(Task description)
Beneath this task are records; print exactly the stretch of them from the line with "Un dossier imprimé" through the line with "A hallway with", both ends included.

★ ★ ★ ★ ★

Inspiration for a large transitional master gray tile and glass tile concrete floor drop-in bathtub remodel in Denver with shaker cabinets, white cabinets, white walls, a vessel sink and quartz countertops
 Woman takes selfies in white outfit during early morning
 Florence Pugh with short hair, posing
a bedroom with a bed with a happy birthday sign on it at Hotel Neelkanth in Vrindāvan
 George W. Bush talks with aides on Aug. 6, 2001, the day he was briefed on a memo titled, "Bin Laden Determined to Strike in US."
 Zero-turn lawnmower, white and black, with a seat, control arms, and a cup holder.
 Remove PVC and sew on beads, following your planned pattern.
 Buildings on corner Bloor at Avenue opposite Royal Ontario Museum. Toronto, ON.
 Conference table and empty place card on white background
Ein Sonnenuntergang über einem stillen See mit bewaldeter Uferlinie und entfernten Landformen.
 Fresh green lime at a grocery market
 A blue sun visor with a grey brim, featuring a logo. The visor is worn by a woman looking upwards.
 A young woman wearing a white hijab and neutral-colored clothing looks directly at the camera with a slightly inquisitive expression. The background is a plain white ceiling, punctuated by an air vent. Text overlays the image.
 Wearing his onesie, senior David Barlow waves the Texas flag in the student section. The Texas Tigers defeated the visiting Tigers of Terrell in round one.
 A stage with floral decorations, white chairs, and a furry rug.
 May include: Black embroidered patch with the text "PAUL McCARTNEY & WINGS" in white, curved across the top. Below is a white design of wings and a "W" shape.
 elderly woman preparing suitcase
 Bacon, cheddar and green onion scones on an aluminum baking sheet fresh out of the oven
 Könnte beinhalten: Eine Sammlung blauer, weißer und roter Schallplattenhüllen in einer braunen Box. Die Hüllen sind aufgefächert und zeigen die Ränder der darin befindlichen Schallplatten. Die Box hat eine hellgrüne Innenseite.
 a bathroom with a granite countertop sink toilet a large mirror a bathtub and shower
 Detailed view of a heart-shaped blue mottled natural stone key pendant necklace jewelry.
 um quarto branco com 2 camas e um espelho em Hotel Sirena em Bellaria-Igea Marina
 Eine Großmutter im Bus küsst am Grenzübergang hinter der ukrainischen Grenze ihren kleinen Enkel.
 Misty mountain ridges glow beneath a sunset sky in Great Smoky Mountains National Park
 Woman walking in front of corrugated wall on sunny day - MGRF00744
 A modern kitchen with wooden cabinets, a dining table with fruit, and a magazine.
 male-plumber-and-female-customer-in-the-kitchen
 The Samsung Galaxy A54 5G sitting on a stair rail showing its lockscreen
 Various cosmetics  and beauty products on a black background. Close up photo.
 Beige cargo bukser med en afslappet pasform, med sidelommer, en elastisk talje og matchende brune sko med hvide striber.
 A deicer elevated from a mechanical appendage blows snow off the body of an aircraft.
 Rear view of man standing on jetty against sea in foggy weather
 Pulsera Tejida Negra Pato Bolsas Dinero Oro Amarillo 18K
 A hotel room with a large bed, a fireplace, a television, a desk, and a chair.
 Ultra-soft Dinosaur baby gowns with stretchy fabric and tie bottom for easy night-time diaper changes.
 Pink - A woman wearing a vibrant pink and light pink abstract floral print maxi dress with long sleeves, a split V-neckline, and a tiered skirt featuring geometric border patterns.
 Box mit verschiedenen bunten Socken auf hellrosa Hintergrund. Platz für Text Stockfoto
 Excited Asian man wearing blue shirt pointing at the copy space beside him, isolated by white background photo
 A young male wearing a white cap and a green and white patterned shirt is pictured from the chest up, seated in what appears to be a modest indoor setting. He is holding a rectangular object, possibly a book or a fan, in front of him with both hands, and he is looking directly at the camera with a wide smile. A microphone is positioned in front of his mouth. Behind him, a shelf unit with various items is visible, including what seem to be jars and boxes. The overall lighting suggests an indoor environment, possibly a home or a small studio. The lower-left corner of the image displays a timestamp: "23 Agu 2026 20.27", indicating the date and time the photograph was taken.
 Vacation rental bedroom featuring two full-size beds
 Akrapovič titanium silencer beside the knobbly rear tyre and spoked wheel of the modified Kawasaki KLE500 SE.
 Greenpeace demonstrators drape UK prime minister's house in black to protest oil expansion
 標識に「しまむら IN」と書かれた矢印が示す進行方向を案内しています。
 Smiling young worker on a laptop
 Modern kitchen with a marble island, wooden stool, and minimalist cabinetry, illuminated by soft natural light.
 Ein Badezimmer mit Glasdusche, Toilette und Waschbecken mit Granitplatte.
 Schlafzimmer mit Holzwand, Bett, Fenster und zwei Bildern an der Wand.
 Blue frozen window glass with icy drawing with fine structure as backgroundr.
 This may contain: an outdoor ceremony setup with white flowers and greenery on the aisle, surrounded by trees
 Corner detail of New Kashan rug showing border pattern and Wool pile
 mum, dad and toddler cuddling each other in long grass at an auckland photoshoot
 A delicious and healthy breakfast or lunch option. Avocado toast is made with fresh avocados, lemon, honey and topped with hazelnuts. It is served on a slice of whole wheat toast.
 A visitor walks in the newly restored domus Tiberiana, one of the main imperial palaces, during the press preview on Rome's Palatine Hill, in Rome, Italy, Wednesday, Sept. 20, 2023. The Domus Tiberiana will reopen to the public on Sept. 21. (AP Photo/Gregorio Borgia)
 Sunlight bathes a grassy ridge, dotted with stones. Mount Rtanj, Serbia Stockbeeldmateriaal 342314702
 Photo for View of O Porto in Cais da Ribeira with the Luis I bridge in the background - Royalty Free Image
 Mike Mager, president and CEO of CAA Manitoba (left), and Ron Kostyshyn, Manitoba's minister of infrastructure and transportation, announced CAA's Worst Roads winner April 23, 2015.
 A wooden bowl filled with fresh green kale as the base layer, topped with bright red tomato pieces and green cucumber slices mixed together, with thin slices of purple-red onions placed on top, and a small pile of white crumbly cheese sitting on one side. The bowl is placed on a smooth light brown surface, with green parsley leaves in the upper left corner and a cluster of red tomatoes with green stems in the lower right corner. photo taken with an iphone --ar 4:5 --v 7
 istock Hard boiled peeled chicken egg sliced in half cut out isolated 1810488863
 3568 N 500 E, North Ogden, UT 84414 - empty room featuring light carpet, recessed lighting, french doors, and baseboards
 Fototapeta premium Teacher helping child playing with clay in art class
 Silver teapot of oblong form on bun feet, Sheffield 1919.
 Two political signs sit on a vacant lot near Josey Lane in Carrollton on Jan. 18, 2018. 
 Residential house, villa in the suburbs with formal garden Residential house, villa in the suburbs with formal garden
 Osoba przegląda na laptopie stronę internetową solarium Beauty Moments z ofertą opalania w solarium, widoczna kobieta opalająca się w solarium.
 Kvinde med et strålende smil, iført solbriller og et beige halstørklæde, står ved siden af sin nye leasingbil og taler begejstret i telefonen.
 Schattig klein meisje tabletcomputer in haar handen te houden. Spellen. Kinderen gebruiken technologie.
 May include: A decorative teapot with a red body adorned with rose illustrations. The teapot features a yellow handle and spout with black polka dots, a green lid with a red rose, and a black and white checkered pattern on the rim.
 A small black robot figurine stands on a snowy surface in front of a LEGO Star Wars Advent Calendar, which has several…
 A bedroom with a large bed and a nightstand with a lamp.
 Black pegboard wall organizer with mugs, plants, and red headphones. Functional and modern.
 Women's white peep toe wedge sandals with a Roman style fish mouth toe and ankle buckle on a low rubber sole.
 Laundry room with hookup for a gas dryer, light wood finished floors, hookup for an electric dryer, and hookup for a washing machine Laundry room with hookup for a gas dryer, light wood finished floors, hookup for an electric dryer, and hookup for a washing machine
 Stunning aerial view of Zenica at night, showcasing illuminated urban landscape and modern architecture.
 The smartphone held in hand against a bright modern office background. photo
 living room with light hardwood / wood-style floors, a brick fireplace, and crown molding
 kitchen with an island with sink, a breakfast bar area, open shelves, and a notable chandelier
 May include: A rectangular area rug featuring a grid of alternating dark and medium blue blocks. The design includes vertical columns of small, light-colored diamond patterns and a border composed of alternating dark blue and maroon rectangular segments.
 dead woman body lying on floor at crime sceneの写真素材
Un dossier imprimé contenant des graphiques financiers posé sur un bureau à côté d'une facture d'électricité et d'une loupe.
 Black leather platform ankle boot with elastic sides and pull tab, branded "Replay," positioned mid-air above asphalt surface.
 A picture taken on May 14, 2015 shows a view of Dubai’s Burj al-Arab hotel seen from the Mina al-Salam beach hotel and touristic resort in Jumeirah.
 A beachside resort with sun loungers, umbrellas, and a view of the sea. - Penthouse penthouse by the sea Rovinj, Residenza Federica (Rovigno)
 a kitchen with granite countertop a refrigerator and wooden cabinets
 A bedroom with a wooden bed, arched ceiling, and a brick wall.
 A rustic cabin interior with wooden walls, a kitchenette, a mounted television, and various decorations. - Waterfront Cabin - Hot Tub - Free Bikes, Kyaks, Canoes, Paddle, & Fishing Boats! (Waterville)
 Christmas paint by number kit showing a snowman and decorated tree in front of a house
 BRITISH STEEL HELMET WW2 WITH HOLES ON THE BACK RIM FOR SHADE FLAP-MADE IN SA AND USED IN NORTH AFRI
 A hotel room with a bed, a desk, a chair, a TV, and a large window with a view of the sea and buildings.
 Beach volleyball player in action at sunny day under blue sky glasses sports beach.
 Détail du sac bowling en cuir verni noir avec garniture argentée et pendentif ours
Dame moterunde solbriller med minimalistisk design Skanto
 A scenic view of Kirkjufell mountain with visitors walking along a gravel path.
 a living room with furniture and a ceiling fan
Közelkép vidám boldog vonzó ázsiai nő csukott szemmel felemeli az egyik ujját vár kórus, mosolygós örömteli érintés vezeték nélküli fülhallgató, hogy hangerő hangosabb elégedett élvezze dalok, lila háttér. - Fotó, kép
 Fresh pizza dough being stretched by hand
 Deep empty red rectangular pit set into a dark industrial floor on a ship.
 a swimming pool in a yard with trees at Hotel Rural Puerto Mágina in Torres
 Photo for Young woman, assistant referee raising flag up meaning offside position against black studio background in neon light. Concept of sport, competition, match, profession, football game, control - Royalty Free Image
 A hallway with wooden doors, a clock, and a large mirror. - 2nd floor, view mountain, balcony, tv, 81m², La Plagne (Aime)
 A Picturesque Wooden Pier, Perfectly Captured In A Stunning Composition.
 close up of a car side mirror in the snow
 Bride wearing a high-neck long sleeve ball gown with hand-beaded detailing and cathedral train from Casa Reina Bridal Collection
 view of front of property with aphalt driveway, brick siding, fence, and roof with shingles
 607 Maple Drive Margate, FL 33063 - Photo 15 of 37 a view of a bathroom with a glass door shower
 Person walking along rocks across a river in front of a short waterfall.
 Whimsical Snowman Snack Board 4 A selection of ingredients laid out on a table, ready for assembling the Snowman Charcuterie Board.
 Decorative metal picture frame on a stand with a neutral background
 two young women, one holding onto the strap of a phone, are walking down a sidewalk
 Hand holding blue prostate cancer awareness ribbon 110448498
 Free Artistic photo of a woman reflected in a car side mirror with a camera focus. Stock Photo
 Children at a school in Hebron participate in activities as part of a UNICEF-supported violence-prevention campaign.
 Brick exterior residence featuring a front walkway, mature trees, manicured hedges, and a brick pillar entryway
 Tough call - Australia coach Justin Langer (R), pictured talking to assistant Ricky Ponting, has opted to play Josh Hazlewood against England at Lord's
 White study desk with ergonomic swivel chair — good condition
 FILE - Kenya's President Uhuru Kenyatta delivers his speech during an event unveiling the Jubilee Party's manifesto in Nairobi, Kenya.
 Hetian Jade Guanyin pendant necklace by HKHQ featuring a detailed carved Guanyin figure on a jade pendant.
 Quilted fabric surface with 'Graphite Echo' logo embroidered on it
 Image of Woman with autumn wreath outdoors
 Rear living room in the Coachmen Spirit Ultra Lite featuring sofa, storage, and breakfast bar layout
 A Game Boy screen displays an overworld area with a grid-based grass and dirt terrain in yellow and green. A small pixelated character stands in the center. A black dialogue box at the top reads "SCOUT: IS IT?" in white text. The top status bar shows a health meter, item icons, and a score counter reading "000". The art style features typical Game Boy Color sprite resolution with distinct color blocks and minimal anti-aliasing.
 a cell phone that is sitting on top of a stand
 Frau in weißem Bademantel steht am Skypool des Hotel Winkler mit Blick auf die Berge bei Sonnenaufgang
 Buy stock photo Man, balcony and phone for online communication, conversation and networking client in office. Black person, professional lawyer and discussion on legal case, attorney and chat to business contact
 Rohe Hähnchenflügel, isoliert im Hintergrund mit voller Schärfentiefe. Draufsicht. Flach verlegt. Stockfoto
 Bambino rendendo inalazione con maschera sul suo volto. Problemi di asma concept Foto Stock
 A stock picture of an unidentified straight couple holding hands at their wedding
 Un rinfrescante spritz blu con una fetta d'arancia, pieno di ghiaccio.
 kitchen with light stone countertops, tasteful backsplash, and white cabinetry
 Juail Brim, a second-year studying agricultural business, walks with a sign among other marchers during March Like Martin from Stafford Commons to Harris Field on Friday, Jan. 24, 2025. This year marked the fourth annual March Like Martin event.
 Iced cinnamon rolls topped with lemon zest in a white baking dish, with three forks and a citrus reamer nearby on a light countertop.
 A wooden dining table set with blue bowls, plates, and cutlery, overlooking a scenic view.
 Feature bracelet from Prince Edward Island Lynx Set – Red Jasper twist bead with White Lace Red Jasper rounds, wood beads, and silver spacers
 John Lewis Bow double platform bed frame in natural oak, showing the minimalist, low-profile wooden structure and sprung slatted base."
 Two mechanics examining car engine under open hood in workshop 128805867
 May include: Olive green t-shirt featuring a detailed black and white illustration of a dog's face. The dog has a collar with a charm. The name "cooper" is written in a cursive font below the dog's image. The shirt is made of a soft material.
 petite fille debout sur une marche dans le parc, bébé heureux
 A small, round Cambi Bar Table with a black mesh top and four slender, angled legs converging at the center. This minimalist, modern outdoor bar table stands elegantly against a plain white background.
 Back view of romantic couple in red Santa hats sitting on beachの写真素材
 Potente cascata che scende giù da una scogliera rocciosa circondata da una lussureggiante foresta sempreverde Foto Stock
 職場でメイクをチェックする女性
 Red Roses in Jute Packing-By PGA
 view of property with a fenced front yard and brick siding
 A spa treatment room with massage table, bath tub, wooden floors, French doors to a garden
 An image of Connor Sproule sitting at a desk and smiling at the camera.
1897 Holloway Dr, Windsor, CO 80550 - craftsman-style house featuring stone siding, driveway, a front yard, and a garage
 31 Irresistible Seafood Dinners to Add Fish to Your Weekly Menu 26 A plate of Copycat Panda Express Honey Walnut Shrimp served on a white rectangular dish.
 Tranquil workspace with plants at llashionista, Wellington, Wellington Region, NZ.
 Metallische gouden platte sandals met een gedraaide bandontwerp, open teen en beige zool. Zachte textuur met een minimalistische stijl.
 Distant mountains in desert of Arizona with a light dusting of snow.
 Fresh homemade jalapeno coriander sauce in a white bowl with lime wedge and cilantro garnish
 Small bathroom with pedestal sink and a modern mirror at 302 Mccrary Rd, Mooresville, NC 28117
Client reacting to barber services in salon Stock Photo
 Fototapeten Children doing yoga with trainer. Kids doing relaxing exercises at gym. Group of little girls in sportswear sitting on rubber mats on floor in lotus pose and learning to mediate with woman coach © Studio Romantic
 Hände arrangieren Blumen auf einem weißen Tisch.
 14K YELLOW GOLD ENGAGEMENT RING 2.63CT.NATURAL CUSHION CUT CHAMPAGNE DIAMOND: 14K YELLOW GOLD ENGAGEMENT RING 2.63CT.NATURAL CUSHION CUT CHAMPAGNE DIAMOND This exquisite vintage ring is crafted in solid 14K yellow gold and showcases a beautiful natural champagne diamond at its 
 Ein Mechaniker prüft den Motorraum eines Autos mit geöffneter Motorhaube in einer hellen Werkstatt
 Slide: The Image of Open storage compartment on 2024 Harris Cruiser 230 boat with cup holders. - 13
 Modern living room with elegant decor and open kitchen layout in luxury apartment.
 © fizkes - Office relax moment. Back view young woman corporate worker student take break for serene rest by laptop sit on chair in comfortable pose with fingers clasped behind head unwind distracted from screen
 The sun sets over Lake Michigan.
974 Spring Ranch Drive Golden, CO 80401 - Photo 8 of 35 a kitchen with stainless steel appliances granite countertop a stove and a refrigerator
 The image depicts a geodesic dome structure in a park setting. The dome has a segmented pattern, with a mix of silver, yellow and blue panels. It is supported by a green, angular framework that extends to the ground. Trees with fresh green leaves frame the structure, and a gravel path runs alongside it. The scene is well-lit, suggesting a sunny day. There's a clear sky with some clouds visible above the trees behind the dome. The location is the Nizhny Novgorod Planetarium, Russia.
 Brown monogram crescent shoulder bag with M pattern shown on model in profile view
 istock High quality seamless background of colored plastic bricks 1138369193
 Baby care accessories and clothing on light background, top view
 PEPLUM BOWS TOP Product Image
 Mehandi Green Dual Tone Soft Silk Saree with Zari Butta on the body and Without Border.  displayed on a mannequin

★ ★ ★ ★ ★

(Solution below)
Un dossier imprimé contenant des graphiques financiers posé sur un bureau à côté d'une facture d'électricité et d'une loupe.
 Black leather platform ankle boot with elastic sides and pull tab, branded "Replay," positioned mid-air above asphalt surface.
 A picture taken on May 14, 2015 shows a view of Dubai’s Burj al-Arab hotel seen from the Mina al-Salam beach hotel and touristic resort in Jumeirah.
 A beachside resort with sun loungers, umbrellas, and a view of the sea. - Penthouse penthouse by the sea Rovinj, Residenza Federica (Rovigno)
 a kitchen with granite countertop a refrigerator and wooden cabinets
 A bedroom with a wooden bed, arched ceiling, and a brick wall.
 A rustic cabin interior with wooden walls, a kitchenette, a mounted television, and various decorations. - Waterfront Cabin - Hot Tub - Free Bikes, Kyaks, Canoes, Paddle, & Fishing Boats! (Waterville)
 Christmas paint by number kit showing a snowman and decorated tree in front of a house
 BRITISH STEEL HELMET WW2 WITH HOLES ON THE BACK RIM FOR SHADE FLAP-MADE IN SA AND USED IN NORTH AFRI
 A hotel room with a bed, a desk, a chair, a TV, and a large window with a view of the sea and buildings.
 Beach volleyball player in action at sunny day under blue sky glasses sports beach.
 Détail du sac bowling en cuir verni noir avec garniture argentée et pendentif ours
Dame moterunde solbriller med minimalistisk design Skanto
 A scenic view of Kirkjufell mountain with visitors walking along a gravel path.
 a living room with furniture and a ceiling fan
Közelkép vidám boldog vonzó ázsiai nő csukott szemmel felemeli az egyik ujját vár kórus, mosolygós örömteli érintés vezeték nélküli fülhallgató, hogy hangerő hangosabb elégedett élvezze dalok, lila háttér. - Fotó, kép
 Fresh pizza dough being stretched by hand
 Deep empty red rectangular pit set into a dark industrial floor on a ship.
 a swimming pool in a yard with trees at Hotel Rural Puerto Mágina in Torres
 Photo for Young woman, assistant referee raising flag up meaning offside position against black studio background in neon light. Concept of sport, competition, match, profession, football game, control - Royalty Free Image
 A hallway with wooden doors, a clock, and a large mirror. - 2nd floor, view mountain, balcony, tv, 81m², La Plagne (Aime)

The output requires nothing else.